Plaintiff further establishes that she is represented by counsel that is qualified and experienced in handling class action litigation, and provides a catalog of prior cases, similar in nature to the instant action, that have been litigated by her counsel.
Therefore, the element of adequacy has been met.
Superiority
CPLR §901(a)(5) requires a class action is superior to other available methods for the fair and efficient adjudication of the controversy.
a class action is the "superior vehicle" for resolving wage disputes "since the damages allegedly suffered by an individual class member are likely to be insignificant, and the costs of prosecuting individual actions would result in the class members having no realistic day in court" (Nawrocki, 82 A.D.3d at 536; see also Dabrowski, 84 A.D.3d at 635).(Stecko v RLI Inc. Co, 121 A.D.3d 542 [2014]).
Plaintiff has established the controversy at issues involves wage disputes, therefore the fifth element of CPLR § 901 (a) is established.
If the prerequisites of CPLR § 901(a) have been met, the court must then consider the five factors provided in CPLR § 902, which provides in pertinent part:
Among the matters which the court shall consider in determining whether the action may proceed as a class action are:
1. The interest of members of the class in individually controlling the prosecution or defense of separate actions;
2. The impracticability or inefficiency of prosecuting or defending separate actions;
3. The extent and nature of any litigation concerning the controversy already commenced by or against members of the class;
4. The desirability or undesirability of concentrating the litigation of the claim in the particular forum;
5. The difficulties likely to be encountered in the management of a class action.
The elements required under CPLR §§ 902(1), (2), (4) and (5) have been satisfied and discussed above as part of the commonality, typicality and superiority requirements under CPLR §901(a).

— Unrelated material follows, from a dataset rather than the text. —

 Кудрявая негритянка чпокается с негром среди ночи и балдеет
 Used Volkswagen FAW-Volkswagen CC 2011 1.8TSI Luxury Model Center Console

Regarding CPLR § 902(3), plaintiff asserts there is no extensive, competing litigation already commenced by any member of the class.
Based on the forgoing, the motion to certify the class is granted.
PLAINTIFF'S MOTION TO COMPEL DISCOVERY IS GRANTED IN PART
Plaintiff moves to strike defendants' answer for failure to comply with discovery request, or in the alternative to compel the same. Defendants oppose the motion. For the reasons discussed below, the motion is granted to the extent of compelling defendants to comply with discovery requests.
On June 8, 2021, the same day plaintiff filed the motion seeking class certification, plaintiff issued discovery demands, including document demands, interrogatories and notices to depose defendants. In response, defendants served objections and responses to all of plaintiff s requests. Defendants' primary objections alleged plaintiffs requests were "... vague, ambiguous, overly broad, seeks information outside the applicable limitations period or other appropriate period of discovery, unduly burdensome, and it is not reasonably tailored to lead to the discovery of information that is material and necessary to the claims and defenses" (NYSCEF DOC. NO. 48).
Defendants also alleged plaintiffs counsel's failed to consult in good faith prior to filing the instant motion and that defendants' objections were appropriate for the stage of litigation, as the class had not yet been certified.
CPLR § 3101 provides for full disclosure of all matter material and necessary in the prosecution or defense of an action (Palmatier v. Mr. Heater Corp., 156 A.D.3d 1167, 1168, 68 N.Y.S.3d 530 [2017]. "The words, 'material and necessary,' are to be interpreted liberally to require disclosure, upon request, of any facts bearing on the controversy which will assist preparation for trial" (Galasso v. Cobleskill Stone Prods., Inc., 169 A.D.3d 1344, 1345 [2019]).
The court finds plaintiff has met its burden and established that the discovery request is reasonably calculated to yield material and necessary information (see Catlyn & Derzee, Inc. v. Amedore LandDevs., LLC, 166 A.D.3d 1137, 1141 [2018]). "Supreme Court is vested with broad discretion in controlling discovery and disclosure, and generally its determinations will not be disturbed in the absence of a clear abuse of discretion" (Gold v. Mountain Lake Pub. Telecom., 124 A.D.3d 1050, 1051).
The court finds defendants arguments in opposition unavailing. The argument disclosure was premature prior to class certification is now moot. Notwithstanding the forgoing, there are portions of plaintiff s discovery demands the court agrees maybe overbroad or not reasonably tailored.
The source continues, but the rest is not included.